### [EXERCISE OBJECTIVE]
Only the lines from the one containing "Budapest attractions: People" through the one containing "Child rests on" should be printed, exactly as they appear below, with both ends included.

### [INPUT]
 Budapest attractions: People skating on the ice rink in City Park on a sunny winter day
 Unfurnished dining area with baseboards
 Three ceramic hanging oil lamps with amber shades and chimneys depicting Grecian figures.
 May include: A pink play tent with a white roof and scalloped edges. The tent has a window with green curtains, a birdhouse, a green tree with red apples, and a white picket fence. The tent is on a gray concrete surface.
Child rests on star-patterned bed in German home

--

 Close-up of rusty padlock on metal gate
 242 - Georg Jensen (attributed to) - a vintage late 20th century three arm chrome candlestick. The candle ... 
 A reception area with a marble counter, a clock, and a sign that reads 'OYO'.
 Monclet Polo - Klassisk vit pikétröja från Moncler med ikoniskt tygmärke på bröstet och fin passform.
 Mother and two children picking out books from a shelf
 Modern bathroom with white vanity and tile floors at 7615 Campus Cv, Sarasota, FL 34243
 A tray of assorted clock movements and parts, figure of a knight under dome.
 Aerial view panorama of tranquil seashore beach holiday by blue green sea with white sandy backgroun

### [ANSWER]
 Budapest attractions: People skating on the ice rink in City Park on a sunny winter day
 Unfurnished dining area with baseboards
 Three ceramic hanging oil lamps with amber shades and chimneys depicting Grecian figures.
 May include: A pink play tent with a white roof and scalloped edges. The tent has a window with green curtains, a birdhouse, a green tree with red apples, and a white picket fence. The tent is on a gray concrete surface.
Child rests on star-patterned bed in German home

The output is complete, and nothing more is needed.